How to: Load Licensed Third-Party Word Breakers

SQL Server 2008 R2 includes licensed third-party word breakers for the following languages:

  • Danish

  • Polish

  • Turkish

These word breakers are available but are not installed by default, and must be manually registered and then added to the list of LCIDs that are supported for full-text indexing and querying. These word breakers are not enabled by default because they are owned by third parties who have not yet provided the level of testing, security, and robustness that is required for them to be enabled by default.

Prerequisite Information

Before you can load a word breaker, you need the following information:

  • Instance names for each instance of SQL Server on which you want to register the word breakers.

  • The FTDATA path for each instance.

    After obtaining the instance IDs, you must retrieve the appropriate instance-specific path to the FTData folder. You will use this path when adding configuration values that specify the lexicon and thesaurus files for a language.

To Obtain Instance Name for Each Instance of SQL Server

  1. Click Start, and click Run.

  2. In the Run dialog box, in the Open box, type Regedit.

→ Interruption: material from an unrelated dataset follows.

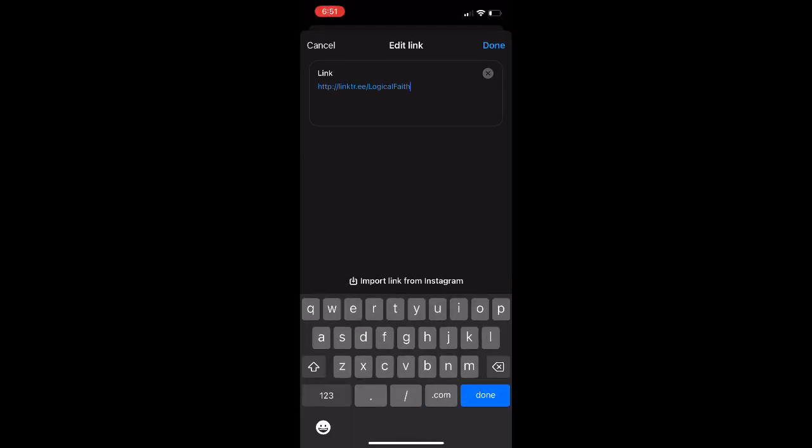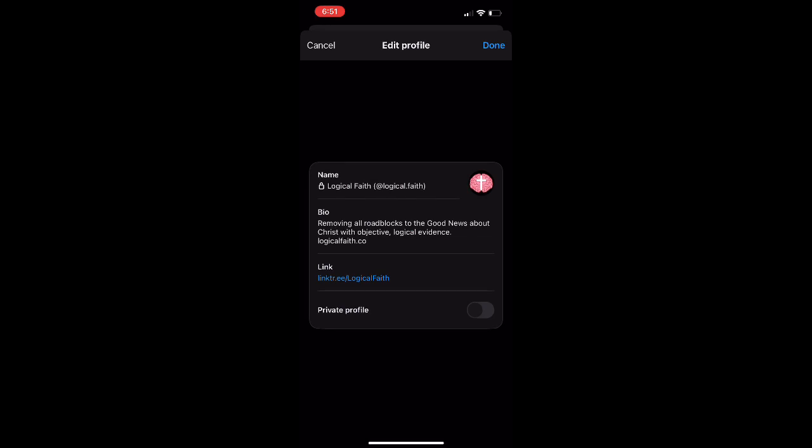In today's video, I'm going to show you guys how to import your link and your profile over from Instagram. So make sure they're both linked, then change the link on your Instagram and just click the button where it says import link in your edit profile and it will import over.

  3. Click OK. This opens the Registry Editor.

  4. In the Registry Editor, select the following registry key for the first instance of SQL Server 2008 R2, whose instance ID is MSSQL10_50.MSSQLSERVER: HKEY_LOCAL_MACHINE\SOFTWARE\Microsoft\Microsoft SQL Server\MSSQL10_50.MSSQLSERVER\SQL

    The right pane displays the instance name and the corresponding instance ID.

Important

To obtain the instance name of another server instance, you must use its instance ID in the registry path instead of MSSQL10_50.MSSQLSERVER.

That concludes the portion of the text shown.